**EXERCISE DETAILS:** For the entries below, the expected answer is the line with "Der Buchhalter von", the line with "Appartement in L'escala", and every line between them, exactly as written, and nothing more.
------------------------------------------------------------
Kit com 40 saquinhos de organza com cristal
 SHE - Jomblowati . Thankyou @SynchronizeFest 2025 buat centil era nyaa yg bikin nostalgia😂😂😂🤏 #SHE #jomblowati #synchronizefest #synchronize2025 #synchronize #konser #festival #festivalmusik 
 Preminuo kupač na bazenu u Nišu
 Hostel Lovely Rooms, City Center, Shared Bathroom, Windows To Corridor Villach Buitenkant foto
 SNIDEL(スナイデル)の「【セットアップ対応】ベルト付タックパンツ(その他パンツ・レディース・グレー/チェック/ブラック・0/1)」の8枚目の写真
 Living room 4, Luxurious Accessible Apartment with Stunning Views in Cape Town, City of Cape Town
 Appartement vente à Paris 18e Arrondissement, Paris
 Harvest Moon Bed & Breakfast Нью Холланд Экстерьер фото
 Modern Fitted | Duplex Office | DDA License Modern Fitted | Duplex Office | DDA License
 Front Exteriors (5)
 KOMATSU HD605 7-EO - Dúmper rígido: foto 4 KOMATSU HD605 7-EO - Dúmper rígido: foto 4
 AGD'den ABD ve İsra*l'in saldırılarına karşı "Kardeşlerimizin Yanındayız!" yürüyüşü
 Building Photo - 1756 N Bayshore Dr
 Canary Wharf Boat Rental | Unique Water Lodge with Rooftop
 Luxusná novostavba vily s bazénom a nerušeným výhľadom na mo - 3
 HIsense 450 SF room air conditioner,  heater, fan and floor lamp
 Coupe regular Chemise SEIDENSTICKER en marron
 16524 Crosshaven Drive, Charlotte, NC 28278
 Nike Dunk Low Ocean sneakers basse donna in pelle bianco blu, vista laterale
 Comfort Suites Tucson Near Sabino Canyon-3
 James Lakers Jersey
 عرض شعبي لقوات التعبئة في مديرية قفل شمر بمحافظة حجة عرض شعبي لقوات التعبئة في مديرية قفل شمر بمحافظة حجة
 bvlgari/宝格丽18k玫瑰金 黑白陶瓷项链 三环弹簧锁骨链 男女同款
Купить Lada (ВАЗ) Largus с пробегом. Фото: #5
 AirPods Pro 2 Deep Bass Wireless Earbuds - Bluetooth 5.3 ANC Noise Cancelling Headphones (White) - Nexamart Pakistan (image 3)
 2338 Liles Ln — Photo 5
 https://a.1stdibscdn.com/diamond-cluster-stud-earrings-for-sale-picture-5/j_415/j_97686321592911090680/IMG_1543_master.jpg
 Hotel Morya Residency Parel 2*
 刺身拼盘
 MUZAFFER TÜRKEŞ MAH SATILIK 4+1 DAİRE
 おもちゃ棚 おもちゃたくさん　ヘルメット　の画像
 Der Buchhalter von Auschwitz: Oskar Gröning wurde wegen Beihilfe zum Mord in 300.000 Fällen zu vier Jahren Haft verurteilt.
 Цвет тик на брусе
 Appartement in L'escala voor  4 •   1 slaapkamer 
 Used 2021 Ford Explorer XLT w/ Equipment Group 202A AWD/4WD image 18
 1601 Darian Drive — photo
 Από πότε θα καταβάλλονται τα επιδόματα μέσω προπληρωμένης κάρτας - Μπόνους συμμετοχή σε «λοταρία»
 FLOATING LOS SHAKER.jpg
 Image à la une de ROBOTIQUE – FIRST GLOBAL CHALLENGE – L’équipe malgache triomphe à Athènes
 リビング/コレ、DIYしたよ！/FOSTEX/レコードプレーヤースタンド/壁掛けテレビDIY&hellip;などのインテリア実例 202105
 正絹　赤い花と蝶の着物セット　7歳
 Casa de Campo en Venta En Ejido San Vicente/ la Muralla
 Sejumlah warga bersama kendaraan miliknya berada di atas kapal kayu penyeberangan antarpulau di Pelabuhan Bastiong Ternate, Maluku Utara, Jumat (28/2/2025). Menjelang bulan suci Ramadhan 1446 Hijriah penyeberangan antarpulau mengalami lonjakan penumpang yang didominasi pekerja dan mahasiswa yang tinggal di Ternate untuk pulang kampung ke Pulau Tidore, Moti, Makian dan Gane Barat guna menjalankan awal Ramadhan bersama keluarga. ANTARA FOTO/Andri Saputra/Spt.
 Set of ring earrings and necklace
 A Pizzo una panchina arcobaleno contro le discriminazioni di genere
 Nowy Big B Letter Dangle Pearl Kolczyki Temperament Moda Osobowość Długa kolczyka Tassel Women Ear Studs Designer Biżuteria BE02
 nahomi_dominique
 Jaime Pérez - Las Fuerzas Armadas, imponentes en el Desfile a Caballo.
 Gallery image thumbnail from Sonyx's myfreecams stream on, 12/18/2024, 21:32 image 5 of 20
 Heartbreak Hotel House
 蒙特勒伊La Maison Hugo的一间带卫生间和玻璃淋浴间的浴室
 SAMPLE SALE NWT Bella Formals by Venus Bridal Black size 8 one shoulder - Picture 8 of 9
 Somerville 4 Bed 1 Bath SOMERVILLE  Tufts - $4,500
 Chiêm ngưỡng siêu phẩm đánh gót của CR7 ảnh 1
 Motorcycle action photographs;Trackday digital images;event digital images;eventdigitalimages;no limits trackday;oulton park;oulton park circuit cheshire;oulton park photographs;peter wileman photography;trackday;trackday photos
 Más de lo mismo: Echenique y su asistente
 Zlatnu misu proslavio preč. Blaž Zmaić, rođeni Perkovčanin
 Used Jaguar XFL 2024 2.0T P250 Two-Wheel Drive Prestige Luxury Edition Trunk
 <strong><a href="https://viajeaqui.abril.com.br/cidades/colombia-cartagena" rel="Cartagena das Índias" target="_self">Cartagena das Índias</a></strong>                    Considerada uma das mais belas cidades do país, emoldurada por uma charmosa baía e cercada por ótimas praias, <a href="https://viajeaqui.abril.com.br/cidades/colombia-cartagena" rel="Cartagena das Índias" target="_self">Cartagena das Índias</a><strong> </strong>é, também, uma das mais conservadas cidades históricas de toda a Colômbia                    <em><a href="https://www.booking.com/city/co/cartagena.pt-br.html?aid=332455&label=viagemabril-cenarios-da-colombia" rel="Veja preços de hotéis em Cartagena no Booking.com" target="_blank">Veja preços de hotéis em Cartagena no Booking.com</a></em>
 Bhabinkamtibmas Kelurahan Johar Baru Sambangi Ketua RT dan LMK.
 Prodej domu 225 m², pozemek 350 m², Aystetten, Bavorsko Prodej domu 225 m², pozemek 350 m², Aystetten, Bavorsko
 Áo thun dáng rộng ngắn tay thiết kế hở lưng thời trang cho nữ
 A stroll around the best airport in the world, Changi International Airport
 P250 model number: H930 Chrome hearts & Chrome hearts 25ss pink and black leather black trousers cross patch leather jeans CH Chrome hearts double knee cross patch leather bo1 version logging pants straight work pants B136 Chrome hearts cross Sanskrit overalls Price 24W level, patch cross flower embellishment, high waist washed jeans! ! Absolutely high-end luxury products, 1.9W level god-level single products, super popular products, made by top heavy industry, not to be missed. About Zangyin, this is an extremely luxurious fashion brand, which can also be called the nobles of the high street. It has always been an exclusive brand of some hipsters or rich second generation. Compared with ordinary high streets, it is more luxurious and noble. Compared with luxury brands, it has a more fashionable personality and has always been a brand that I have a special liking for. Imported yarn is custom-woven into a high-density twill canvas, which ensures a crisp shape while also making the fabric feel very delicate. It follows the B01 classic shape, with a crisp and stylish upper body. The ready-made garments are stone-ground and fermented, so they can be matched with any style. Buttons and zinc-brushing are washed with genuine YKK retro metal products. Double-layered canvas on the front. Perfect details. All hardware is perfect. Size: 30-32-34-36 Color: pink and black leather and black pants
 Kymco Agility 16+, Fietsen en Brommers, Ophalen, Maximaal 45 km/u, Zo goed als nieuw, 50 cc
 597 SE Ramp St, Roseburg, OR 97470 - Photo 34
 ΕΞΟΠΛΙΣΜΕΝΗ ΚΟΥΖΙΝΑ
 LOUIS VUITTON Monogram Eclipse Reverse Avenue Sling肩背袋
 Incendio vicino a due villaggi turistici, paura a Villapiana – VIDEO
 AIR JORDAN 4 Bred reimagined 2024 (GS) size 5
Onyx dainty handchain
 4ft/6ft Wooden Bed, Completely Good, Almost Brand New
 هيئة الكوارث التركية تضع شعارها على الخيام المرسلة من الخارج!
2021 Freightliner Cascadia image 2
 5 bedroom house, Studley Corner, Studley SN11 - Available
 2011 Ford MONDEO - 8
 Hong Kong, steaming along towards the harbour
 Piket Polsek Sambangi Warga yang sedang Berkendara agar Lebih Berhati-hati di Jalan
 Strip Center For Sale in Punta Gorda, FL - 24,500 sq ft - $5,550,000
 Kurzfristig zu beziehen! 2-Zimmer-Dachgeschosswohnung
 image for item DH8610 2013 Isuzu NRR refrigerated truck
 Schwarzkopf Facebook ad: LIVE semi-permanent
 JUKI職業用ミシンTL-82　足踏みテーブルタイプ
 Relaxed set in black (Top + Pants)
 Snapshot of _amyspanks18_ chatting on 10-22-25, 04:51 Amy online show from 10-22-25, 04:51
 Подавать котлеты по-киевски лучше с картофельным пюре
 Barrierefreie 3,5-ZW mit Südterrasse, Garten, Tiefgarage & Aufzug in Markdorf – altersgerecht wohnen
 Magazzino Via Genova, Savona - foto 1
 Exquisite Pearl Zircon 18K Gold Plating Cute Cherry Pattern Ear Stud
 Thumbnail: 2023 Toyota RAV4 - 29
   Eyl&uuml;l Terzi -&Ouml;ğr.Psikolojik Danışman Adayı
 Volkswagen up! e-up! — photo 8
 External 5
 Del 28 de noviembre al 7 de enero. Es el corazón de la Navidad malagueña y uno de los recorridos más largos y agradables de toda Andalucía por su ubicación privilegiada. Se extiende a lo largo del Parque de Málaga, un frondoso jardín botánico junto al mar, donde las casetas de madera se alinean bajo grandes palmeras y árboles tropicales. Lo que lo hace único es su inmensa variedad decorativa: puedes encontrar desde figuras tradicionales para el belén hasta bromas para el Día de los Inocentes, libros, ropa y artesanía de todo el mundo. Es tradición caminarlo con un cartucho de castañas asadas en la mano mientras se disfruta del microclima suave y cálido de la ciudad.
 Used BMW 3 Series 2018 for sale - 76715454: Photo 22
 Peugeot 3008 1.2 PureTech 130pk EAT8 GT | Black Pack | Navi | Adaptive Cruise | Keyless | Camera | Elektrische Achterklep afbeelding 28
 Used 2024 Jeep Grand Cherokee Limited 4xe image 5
------------------------------------------------------------
**YOUR SOLUTION:**
 Der Buchhalter von Auschwitz: Oskar Gröning wurde wegen Beihilfe zum Mord in 300.000 Fällen zu vier Jahren Haft verurteilt.
 Цвет тик на брусе
 Appartement in L'escala voor  4 •   1 slaapkamer 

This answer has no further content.